> _Exercise description_
Please output the line containing "thumbnail image 4" and all lines that follow it in the data below, exactly, with no pictures.

======== Raw data

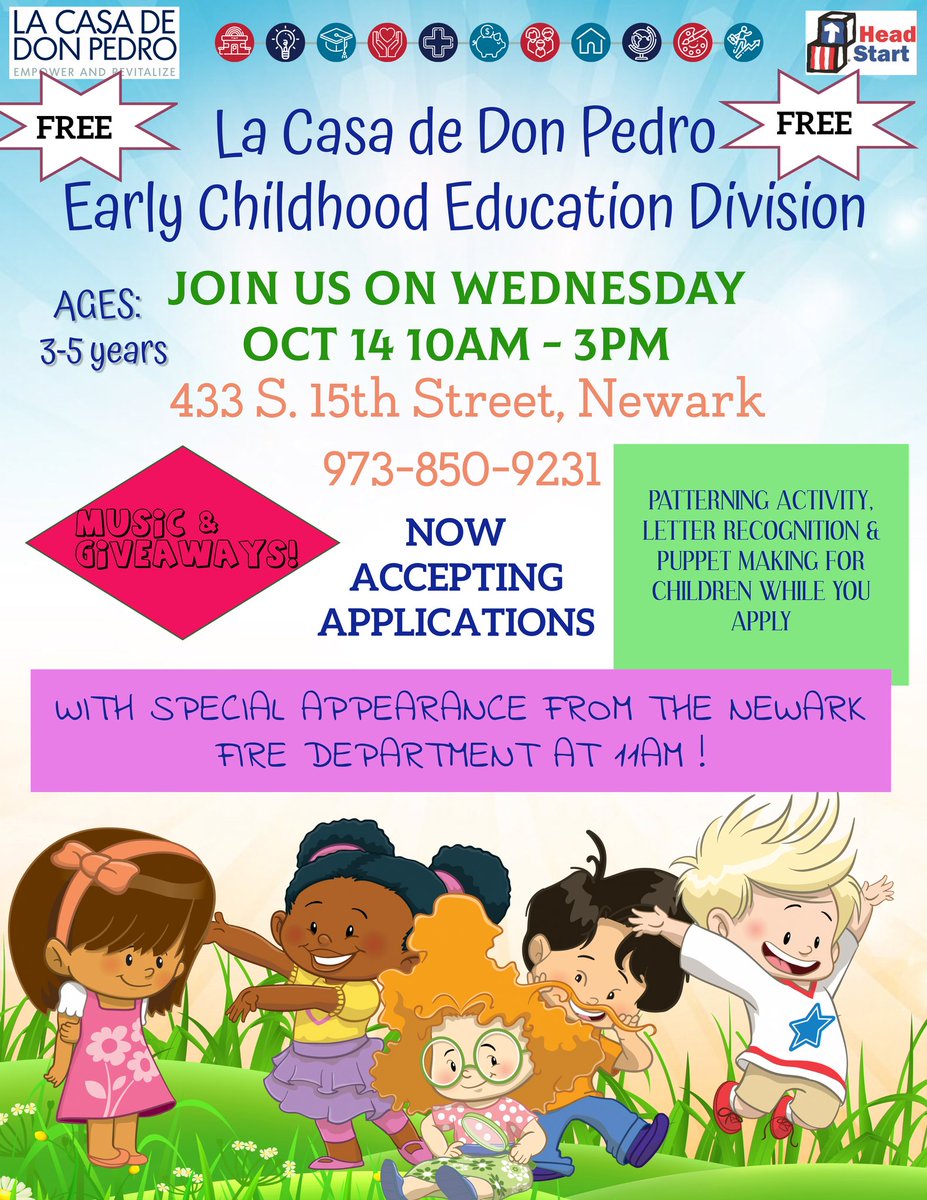 LaCasaNwk's tweet photo. Join La Casa tomorrow (10/14) from 10am-3pm as we host an open enrollment event for our Head Start program. See flyer for details. 

#earlychildhoodeducation
#earlyheadstart #headstart #naeyc #prekindergarten #infantcare #toddlercare #thechildrenareourfuture #prenatalprogram https://t.co/JltxWxQhLn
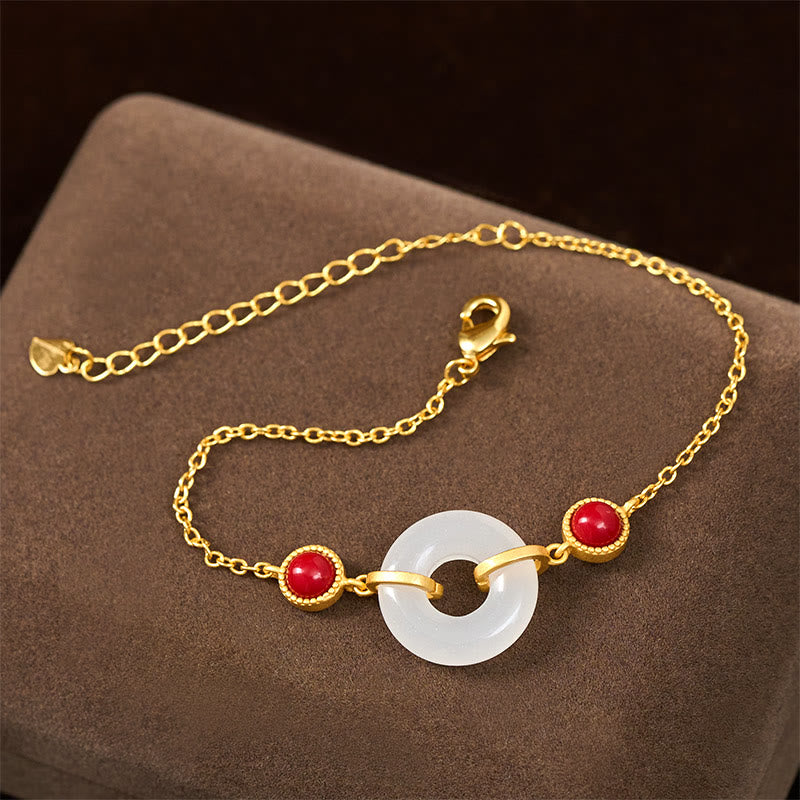 Fortune Jewel Peace Buckle Hetian White Jade Copper Plated Gold Protection Bracelet - Fortune Jewel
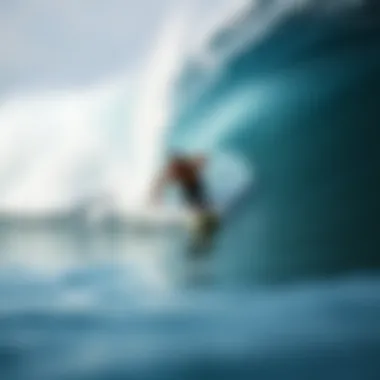 Surfer Riding the Wave Close-up of a surfer skillfully riding a barreling wave.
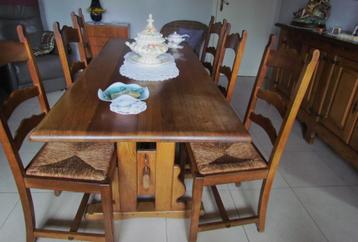 Salle à manger en chêne de style espagnol., Enlèvement, Utilisé, Eiken meubels Spaanse Stijl, 4 à 6 chaises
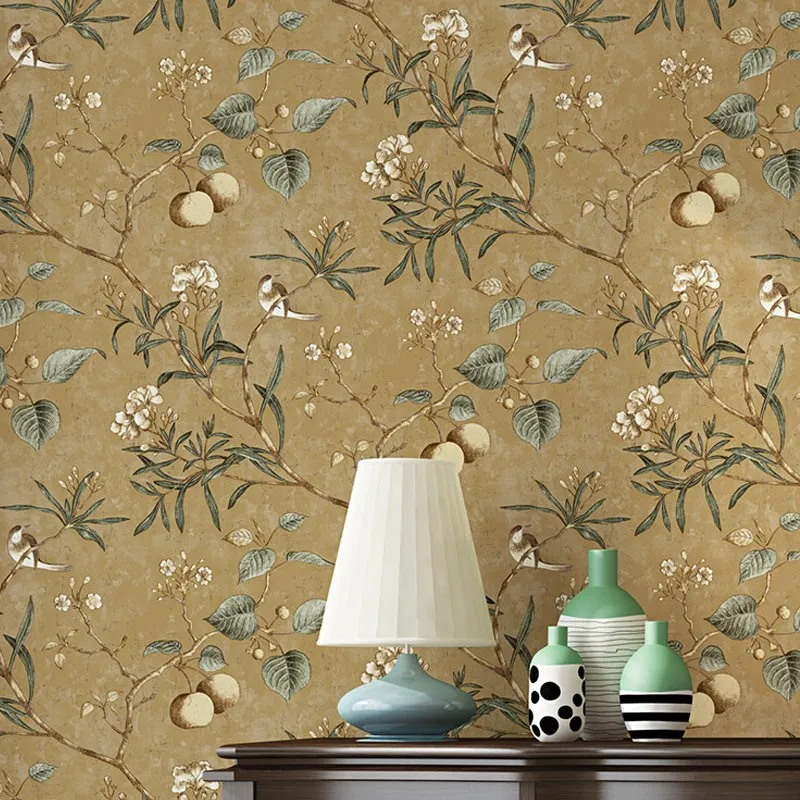 American Pastoral Flower and Bird Wallpaper Vintage Apple Tree Mural Wallpapers Roll Green Yellow Wall Paper Papier Peint QZ035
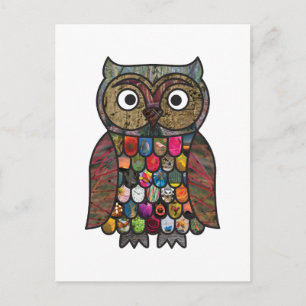 Patchwork Owl Postcard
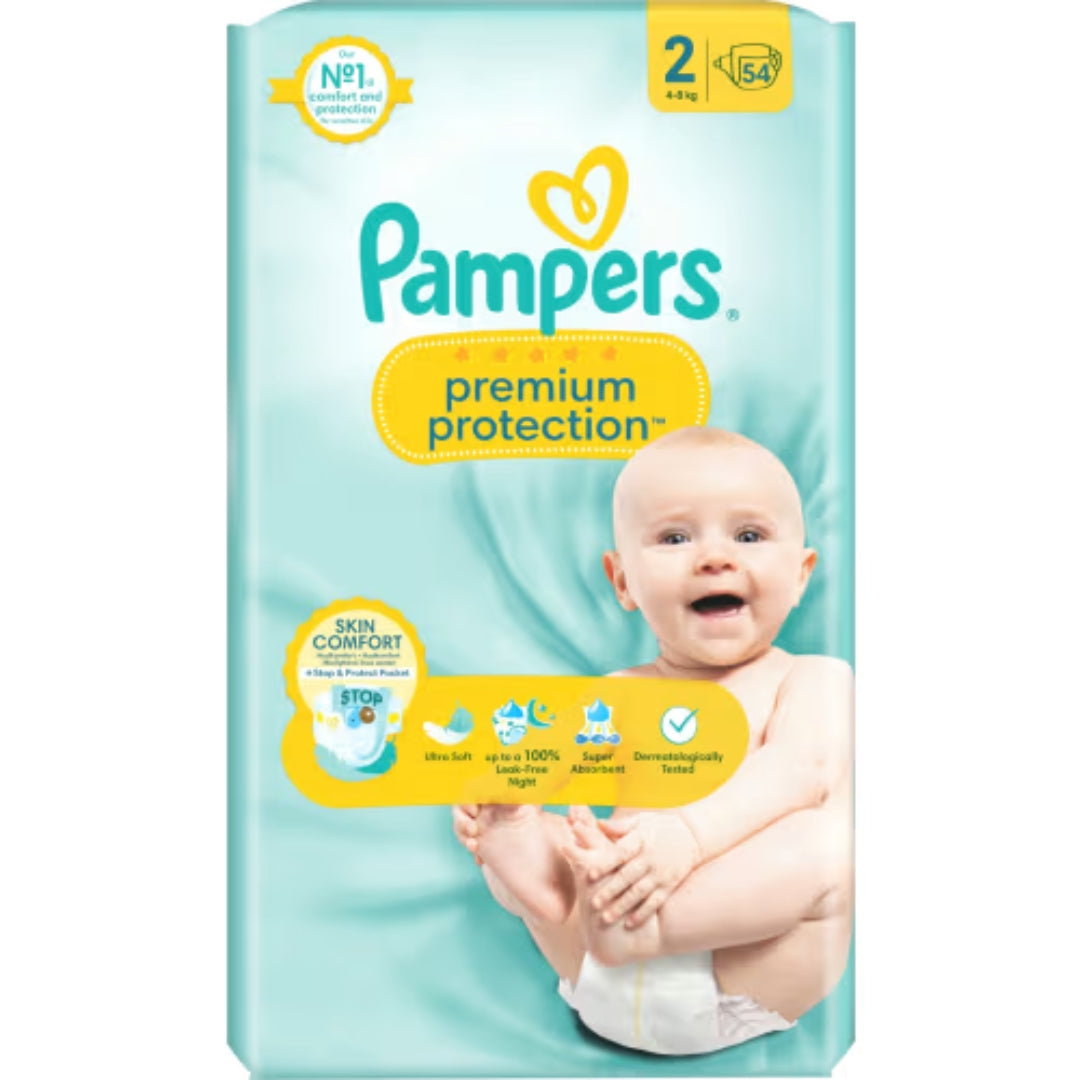 Pampers Premium 2 Protection 4-8kg Tejpblöjor - Tape Diapers 4-8kg 54p
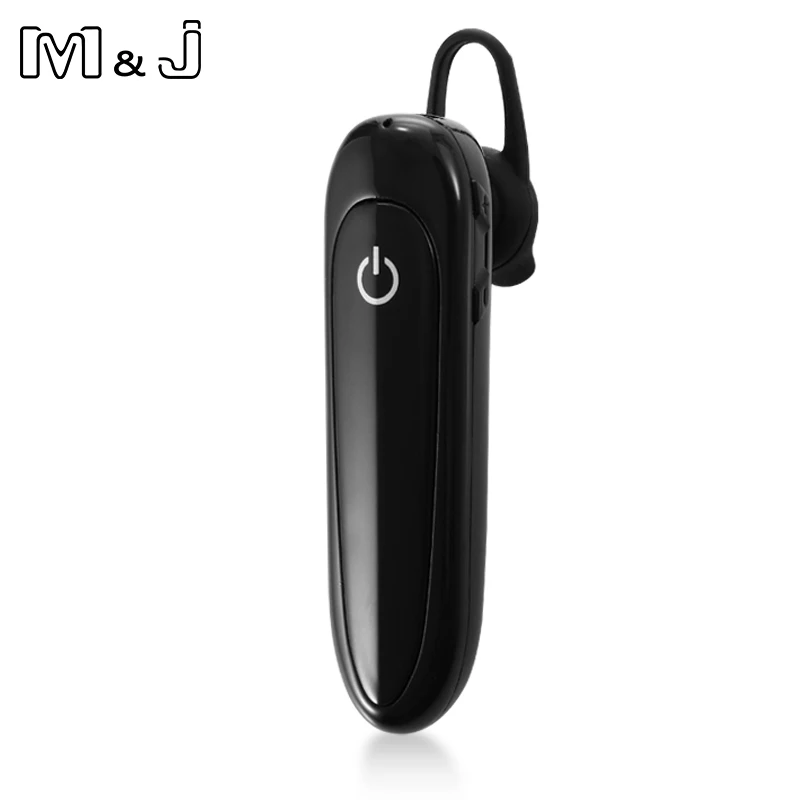 Черный M& J бизнес Bluetooth гарнитура для автомобиля Bluetooth наушники Hands Free с микрофоном ушной крючок Bluetooth беспроводные наушники для iPhone xiaomi - Цвет: Черный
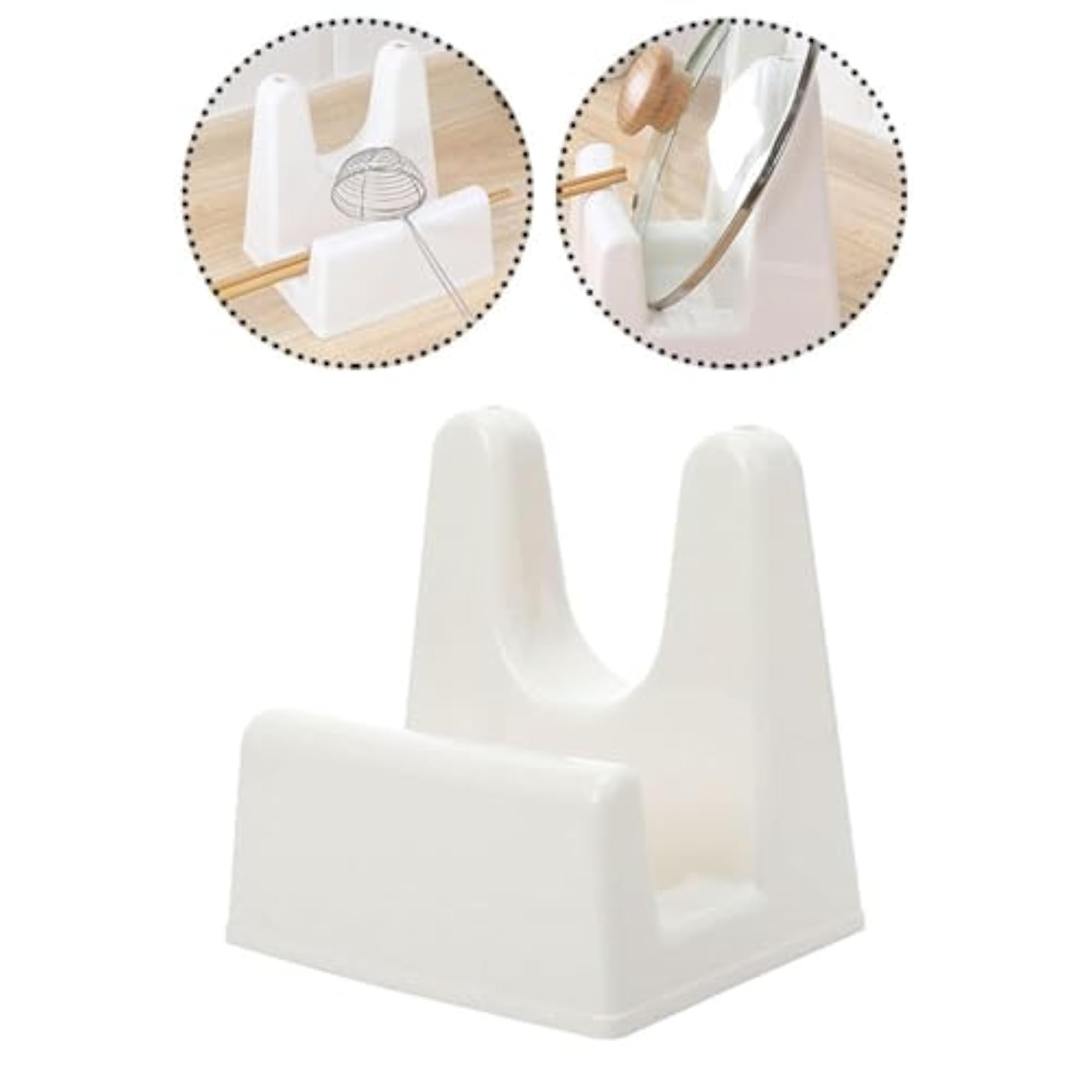 Pot Lid Holder Cutting Board Rack Spoon Rest, White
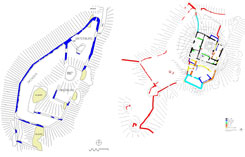 Drnstein: Grundriss des Vorwerks (Drnstein II). Ausfhrung: Patrick Schicht nach Grundlagen von Gerhard Reichhalter (2004) und Drnstein: Bauphasenplan. Ausfhrung: Patrick Schicht nach Grundlagen von Patrick Schicht und Gerhard Reichhalter (2004)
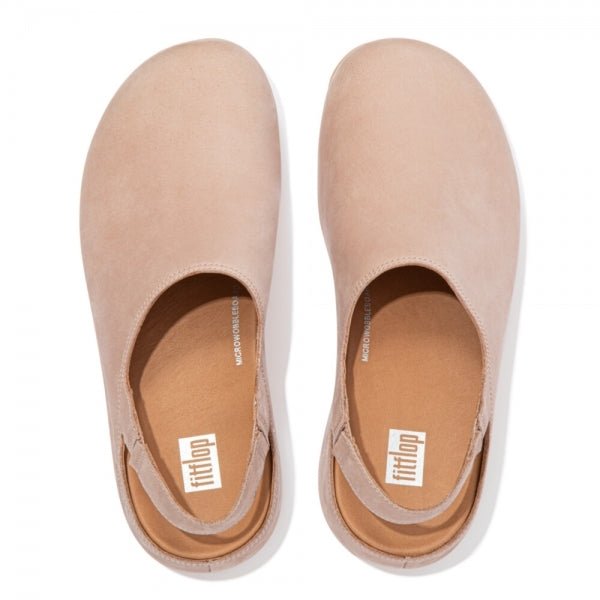 FitFlop SHUV Ladies Nubuck Back - Strap Clogs Beige - Shuperb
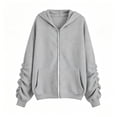 thumbnail image 4 of Shinyii Girls Zip Up Hoodie Solid Casual Cozy Hooded Sweatshirt Jacket, Grey, Sizes 4-15, 4 of 4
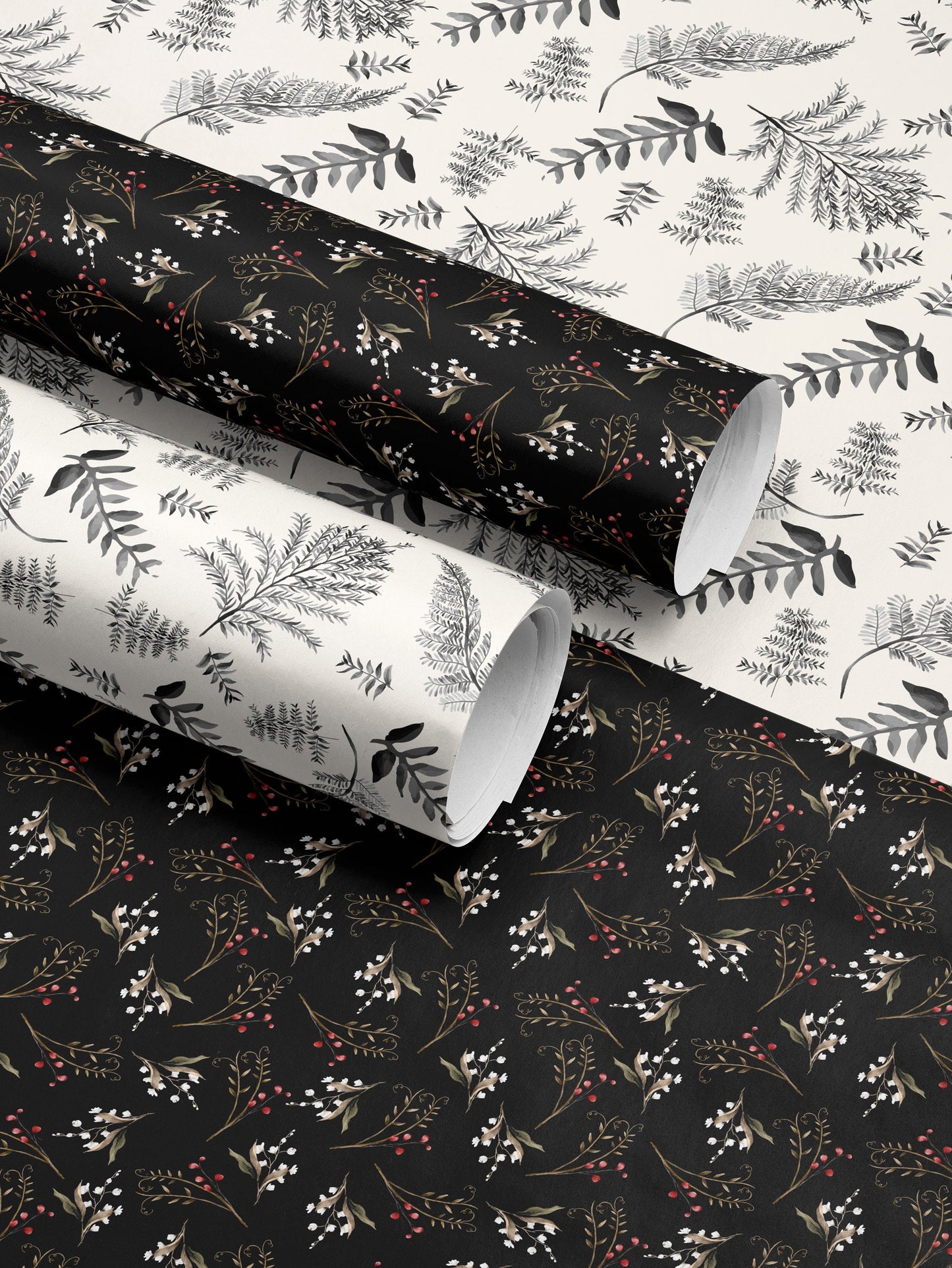 Floral Gift Wrap Botanical Flower Print Wrapping Paper Pattern Botanical Print Gift Wrap Wedding Wrapping Paper Roll Elegant Gift Wrap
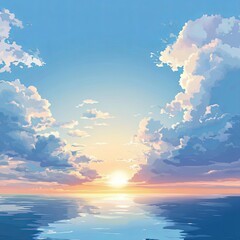 Sky Blue,Cloud Background,Horizon Summer Clear Sky over beach,Vector landscape nature sunrise in Winter,Spring panorama banner white clouds over blue ocean,Sunset landscape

================

> _Answer to this task_
 thumbnail image 4 of Shinyii Girls Zip Up Hoodie Solid Casual Cozy Hooded Sweatshirt Jacket, Grey, Sizes 4-15, 4 of 4
 Floral Gift Wrap Botanical Flower Print Wrapping Paper Pattern Botanical Print Gift Wrap Wedding Wrapping Paper Roll Elegant Gift Wrap
 Sky Blue,Cloud Background,Horizon Summer Clear Sky over beach,Vector landscape nature sunrise in Winter,Spring panorama banner white clouds over blue ocean,Sunset landscape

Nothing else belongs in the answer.